I had an at-least-for-me-interesting interaction with Tom Spencer-Smith on linkedin. You MIGHT remember Tom who was a contractor for Respawn when you were still there (cries inside) who did thin-client development. Basically, how can we automate more of our testing, especially of gameplay, to find the sort of weird edge cases that are the result of sheer volume. He's pretty much all in on AI and on things that are, in many ways, "generic." I.e., he likes unreal because it's very generic which is also why I don't really like it, because it's generic. I think we view unreal the same way, just with him thinking it's good and me thinking it's not good, though in both cases "good" applies to our own specific use-cases. i.e., I am glad unreal exists, but i am also glad i don't work on a game built on top of it.
anyway, re: AI, he said something kind of akin to Carmack, but much more specific and prescriptive in terms of how to actually write code that AI could then 1) understand and 2) expand upon. Basically, he argued, "write a lot of small functions" because AI is better at understanding things the more discrete they are.
And my response to this is basically, "so, treat it like a compiler."
Which I thought was, patting myself on the back, somewhat insightful. And I think that's really what Carmack is saying. He started out literally writing assembly language. That's now been made obsolete by modern high level languages.

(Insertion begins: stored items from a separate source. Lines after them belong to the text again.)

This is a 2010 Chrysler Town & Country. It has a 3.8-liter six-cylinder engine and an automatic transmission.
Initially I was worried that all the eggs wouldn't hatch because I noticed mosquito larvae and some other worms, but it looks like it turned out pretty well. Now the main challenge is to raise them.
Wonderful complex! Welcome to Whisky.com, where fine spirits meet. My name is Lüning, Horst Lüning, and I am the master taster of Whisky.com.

And AI is *potentially* just like this. AI is to Python what Python is to C++ and what C++ is to x86 assembly. This is always what gets me about C++ developers who can be a bit (quite) snooty because they are *closer* to the bare metal than a python or javascript developer. This was most definitely a real thing at respawn. Which is not to trivialize the importance of actually understanding what is happening on the bare metal, or that somehow the various depth of a level of abstraction is irrelevant. It isn't. But like, it's also weird. I don't see the same kind of gatekeeping in other areas, though admittedly I don't know what I don't know. But I can't imagine a linguist taking Faulkner to task because he doesn't understand the actual way in which humans learn and process language. That doesn't diminish his writing. And likewise, I can't imagine a neuroscientist saying that the work of a linguist or a writer is somehow less valuable because they don't understand how language actually makes its way along synapses.
Last thought - per Carmack's "...don't use power tools..." is on the luddites and what they actually believed. They weren't, as commonly depicted, anti-tech. They were pro-worker's rights. I.e., what they objected to was that the machines were unsafe. And I suspect that's where the real discussion is to be had but it's currently wrapped too much in doomerism. Some of that is, IMO, justified here because of the way these models were "trained." I think the training of these models is an important part of the discussion and you see this in the big court cases where OpenAI and others are like, "we had to use copyrighted information." And I think that is new. I don't know if we've ever had a new technology that has been so reliant on *involuntary* use of other people's work. And I think that's a big part of why we can't have more nuanced discussion here. And, to me, it is the closest analog we have to the luddite's objections around safety.
THANK YOU. The discourse around AI in gaming is frustrating and exhausting to no end. I hate how the most extreme, unhinged, and self-righteous voices utterly dominate the discussion. The backlash over The Alters and Expedition 33 was frankly ridiculous. It’s unnuanced, uninformed, mob mentality and reeks of virtue signaling.
I’m personally quite excited about the possibilities of generative AI for game dev, but mostly keep it to myself because I *know* exactly what the reaction will be.